## LISTED RECORDS
------------

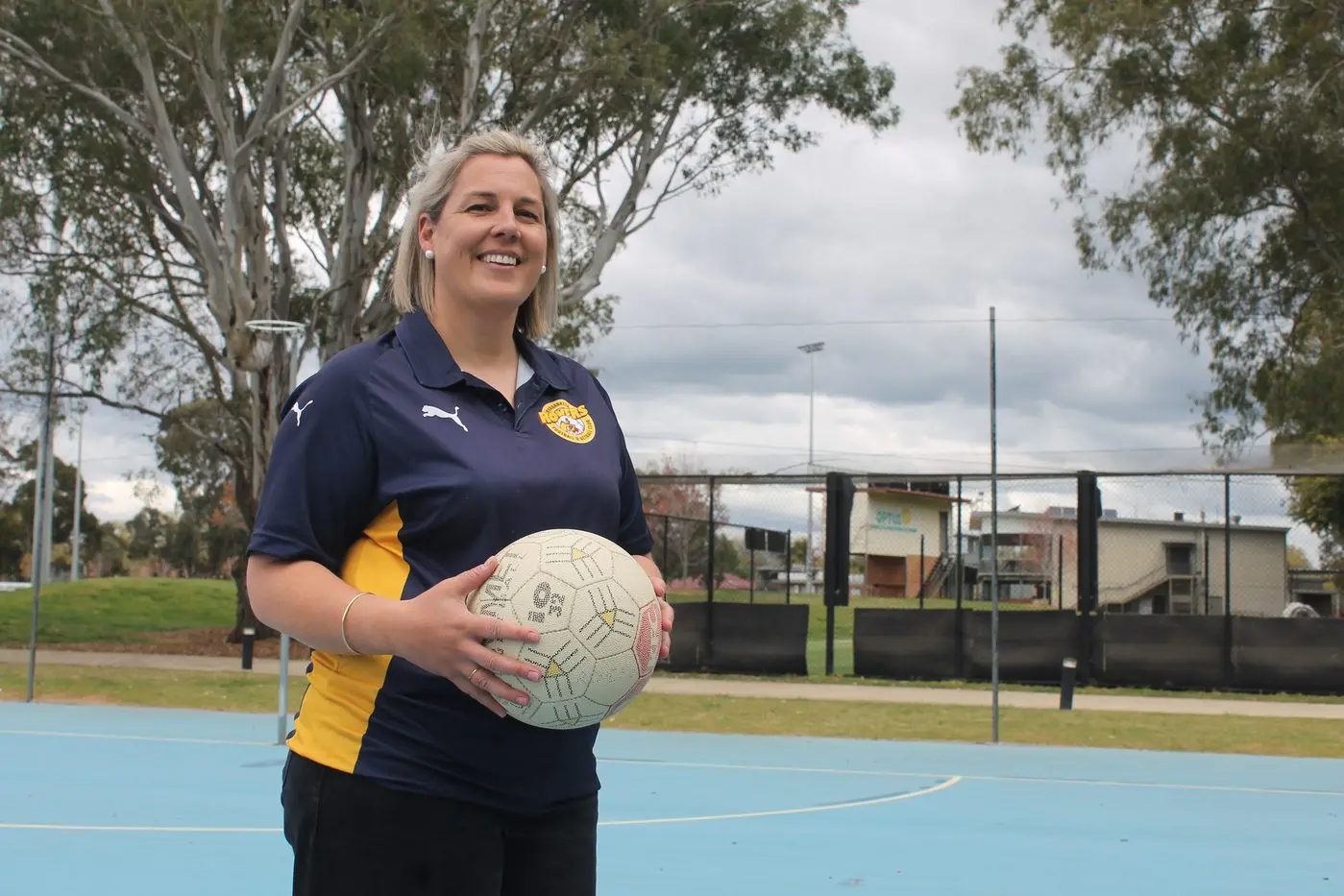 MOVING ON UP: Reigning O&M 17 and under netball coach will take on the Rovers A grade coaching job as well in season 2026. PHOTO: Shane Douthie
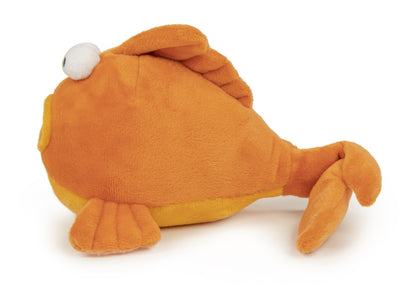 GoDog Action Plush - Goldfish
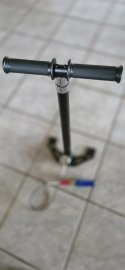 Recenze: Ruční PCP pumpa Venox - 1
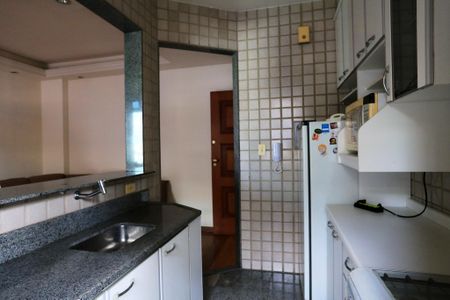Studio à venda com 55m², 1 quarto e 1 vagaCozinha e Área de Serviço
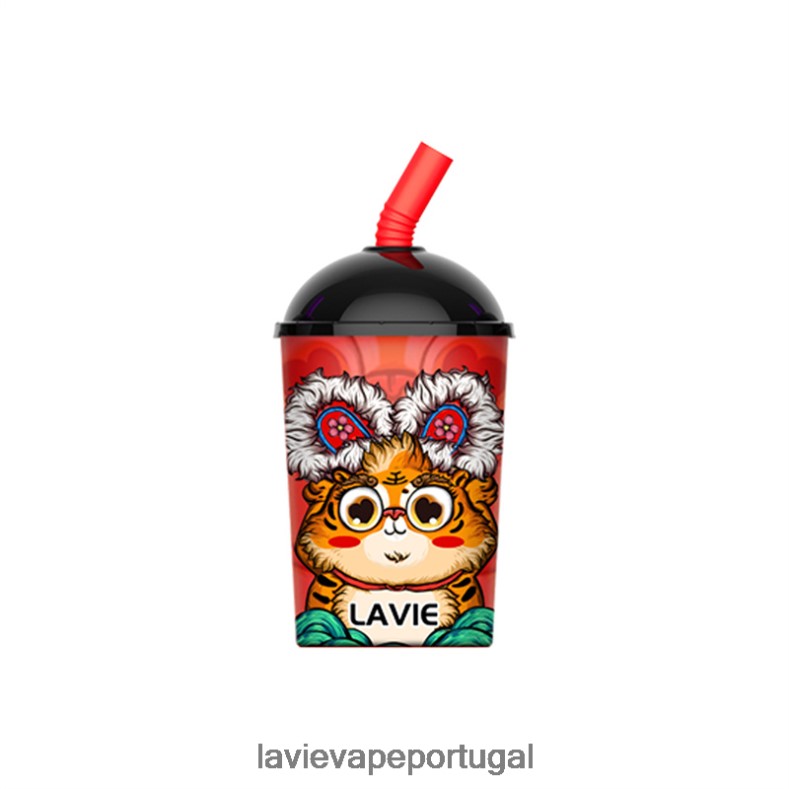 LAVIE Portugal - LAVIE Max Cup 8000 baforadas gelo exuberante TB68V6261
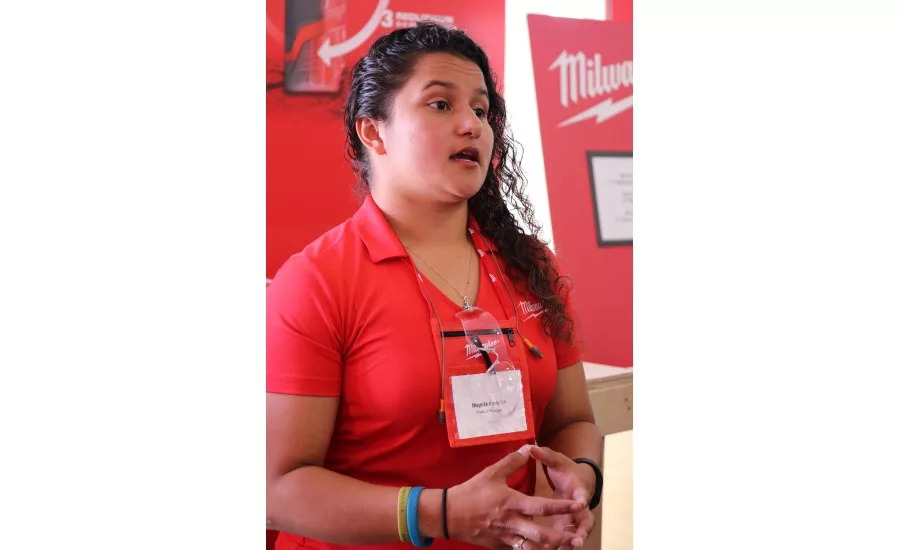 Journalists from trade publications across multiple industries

------------

## TASK TO CARRY OUT
Please give back the data above word for word, with no pictures included.

## EXPECTED ANSWER
 MOVING ON UP: Reigning O&M 17 and under netball coach will take on the Rovers A grade coaching job as well in season 2026. PHOTO: Shane Douthie
 GoDog Action Plush - Goldfish
 Recenze: Ruční PCP pumpa Venox - 1
Studio à venda com 55m², 1 quarto e 1 vagaCozinha e Área de Serviço
 LAVIE Portugal - LAVIE Max Cup 8000 baforadas gelo exuberante TB68V6261
 Journalists from trade publications across multiple industries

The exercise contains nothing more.